Exercise brief: Exactly as written, set down each line of the data below except its pictures.
*** Dataset section Section Begins ***
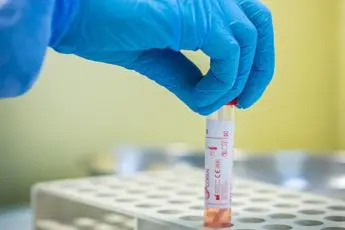 Covid, contagi in crescita in Italia: tasso positività vicino all'1%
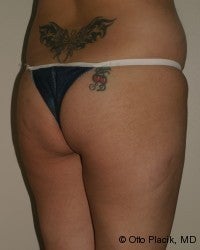 Buttock Augmentation 566723
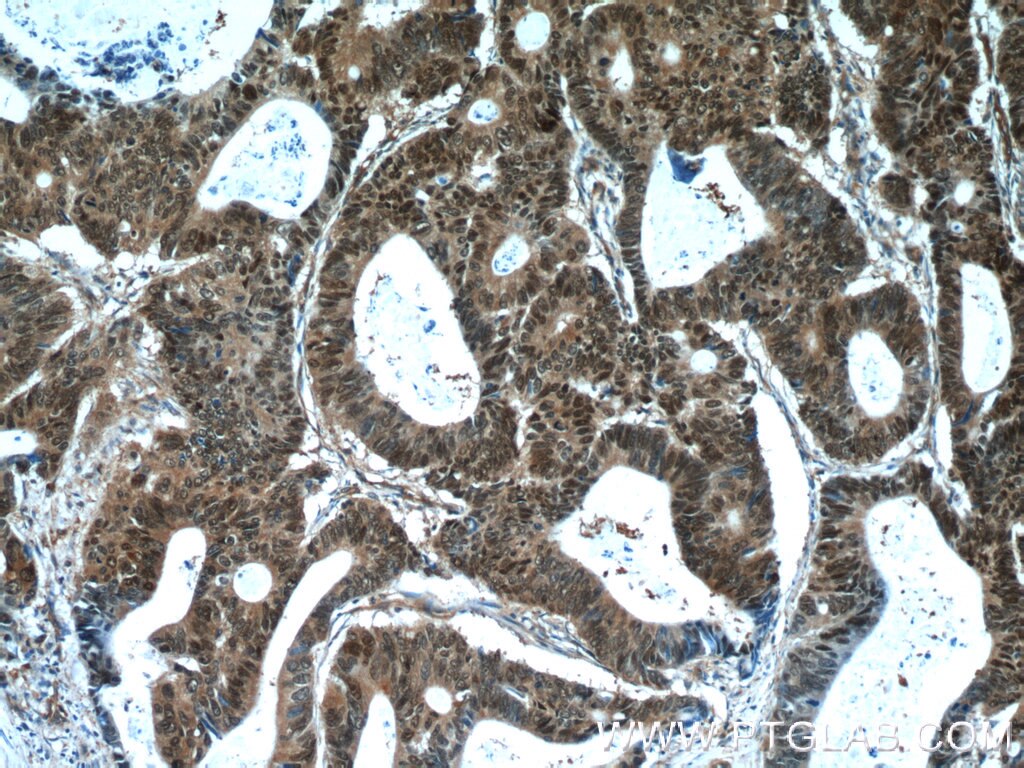 Immunohistochemistry (IHC) staining of human colon cancer tissue using ZWILCH Polyclonal antibody (14281-1-AP)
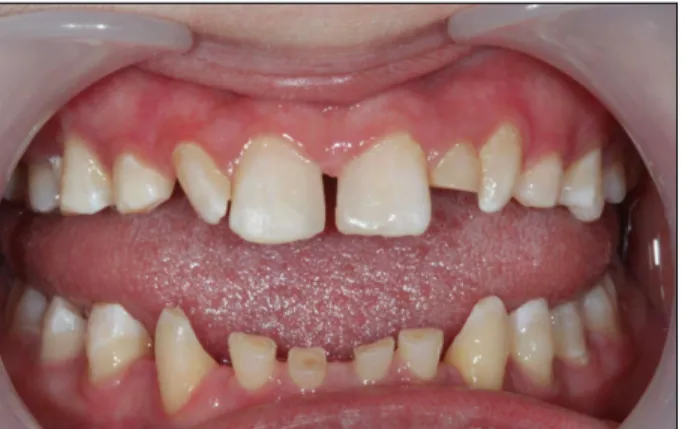 Fig. 3. Diagnostic wax - up with putty index. Fig. 4. Post-operative intraoral photo.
*** Dataset section Section Ends ***
Task response:
 Covid, contagi in crescita in Italia: tasso positività vicino all'1%
 Buttock Augmentation 566723
 Immunohistochemistry (IHC) staining of human colon cancer tissue using ZWILCH Polyclonal antibody (14281-1-AP)
 Fig. 3. Diagnostic wax - up with putty index. Fig. 4. Post-operative intraoral photo.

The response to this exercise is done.